Recently a Master Gardener colleague had occasion to interview two professors of soil science at North Carolina State University. Normally the words “soil science” don’t cause our hearts to flutter, but in reading her transcripts I have to admit to a quickening of my pulse.
Soil is one of those things — along with weather and water — that obsess gardeners. But I was excited because the manuscript taught me more about this topic, proving yet again that old dogs can learn new tricks.
Why is soil science so important? Without soil there would be no life. Now we hear this said of water all the time, but think about it: There would be no food without soil. Currently the world’s population is 7 billion, and by 2050 there will be 11 billion people. That's a lot of mouths to feed.
We aren’t doing a first-rate job of fending off world hunger now, and this food deficit will only grow as the population increases. Experts estimate that we will have to increase our yields by 50 percent per acre over the next 35 years if we are to meet the demand. Simply put: Whether you’re a consumer of bison meat or Hostess Twinkies, it all goes back to the soil.
We all agree that water quality is of the upmost importance, and probably only a few still disagree with the provisions of the Clean Water Act, especially after the Flint, Michigan, tragedy. However, did you know that the great water purifier is — yes, you guessed it — soil? Every year in the United States, 375 trillion gallons flow through our soils, which filter and clean the water. This is enough water to fill the state of North Carolina to a height of 15 feet.
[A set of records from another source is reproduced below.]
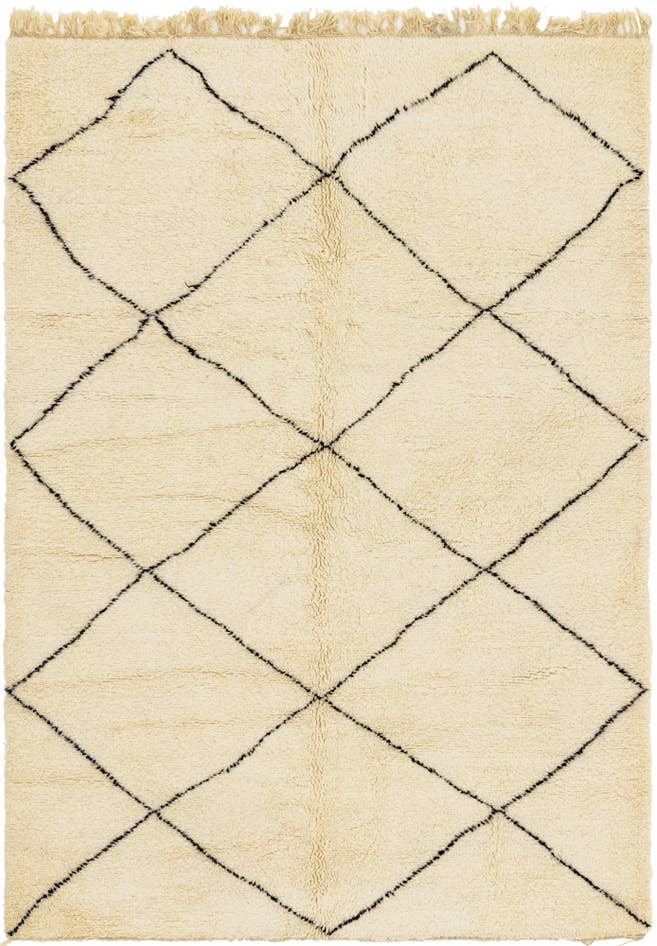Detail image of 6' 6 x 9' 10 Hand Knotted Moroccan Wool Rug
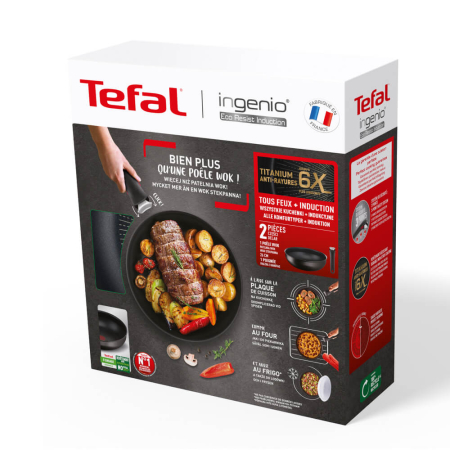 Set de 2 piese Tefal Ingenio Eco Resist L3979302, tigaie wok 26 cm, maner detasabil, indicator Thermo Signal, invelis antiaderent Titanium Anti-Sc [5]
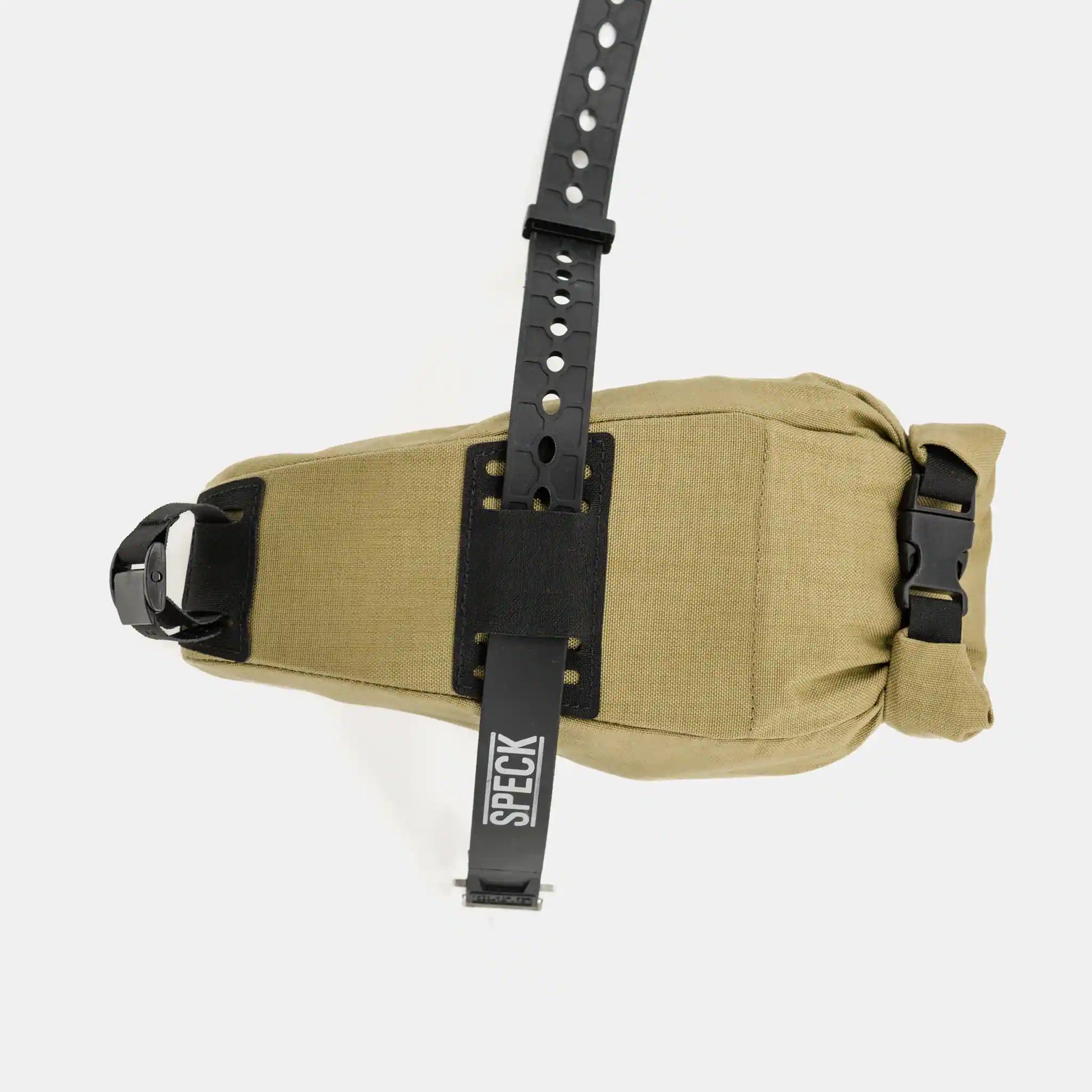 Speck Gear Sattel Tasche in Ingwer – Bikepacking Saddle Bag von Oben mit montiertem Strap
Another fascinating attribute of soil is that it’s a huge reservoir of carbon. Amid global warming, this is something that cannot be ignored. There is a normal exchange of carbon between the soil and the atmosphere, but human activity speeds up this carbon traffic, especially through tillage and erosion.
Farmland is going out of production at an alarming pace. The number one crop here in North Carolina isn’t cotton, tobacco, or soybeans: It’s houses. While we may have good reasons for all this construction, we have to recognize that the land will never be available again for agricultural production. Are we reducing farmland to a critically low level when we should be preparing to meet future demand?
Now before you start thinking I’m nothing but doom and gloom, let me hasten to say that the state of our soils in most of the country has improved dramatically. During the dustbowl years when the Midwest topsoil was literally ending up on the steps of the Capitol, the federal government started its efforts to improve soil quality. The Natural Conservation Service began its “no tillage” dictum, encouraging farmers to place new plantings in previous crop residues, a practice that deters erosion and runoff. Today, 50 percent of our farms follow the “no tillage” instruction.
The message is simple: Soil is where life begins and we must protect it, as it goes hand in hand with the quality of our water. There are some simple measures all of us can employ.
– First, use fertilizers judiciously. Now fertilizing can be a dirty word in organic gardening circles, but the truth is that most plants need some nitrogen, which moves quickly through the soil. Be vigilant and don’t let the fertilizer have access to the hardscape, where rain will simply wash it away.
– Second, minimize erosion so that the soil does not wash away. Irrigate properly. The soil can hold a large amount of water, so water well and infrequently. Fill the soil up and let it hydrate the plants.
– Many of us live on septic systems. It’s imperative to use the correct soil when establishing such a system, as otherwise the waste will not leech correctly through the field.
– When it rains, notice where the rain goes — it has to go somewhere. If it is going into your basement, the solution might be to slope the soil away from the direction of the basement. Farmers are resorting to more terracing as a way to capture the water and lessen the problem of runoff.
– Get rid of the tiller. In a home garden you are exposing weed seeds to new life. If the quality of your soil is less than desirable, add compost. Every year I add a layer of compost and mulch to the garden. Consequently when it rains for 11 days in a row, the soil absorbs the water and filters it — nature’s way of cleaning it.
– Get a soil test. Worldwide, most soils do not supply the necessary nitrogen to grow grass plants, such as sweet corn. The only way you can determine whether you need more nitrogen, phosphorous, and potassium is through a soil test. You will also learn your soil’s pH and whether you have to add lime or sulfur to the soil. Soil science can get complicated — for example, legumes produce their own nitrogen but require a higher pH than grasses – so a soil test will tell you what you need to do to grow your plants well.
We use soil in four different ways: (1) to grow food; (2) for construction purposes; (3) for waste disposal; and (4) for recreation. Therefore it behooves all of us to treat our soil with consideration. In the end, this soil is all we have. Once it’s gone, it’s gone.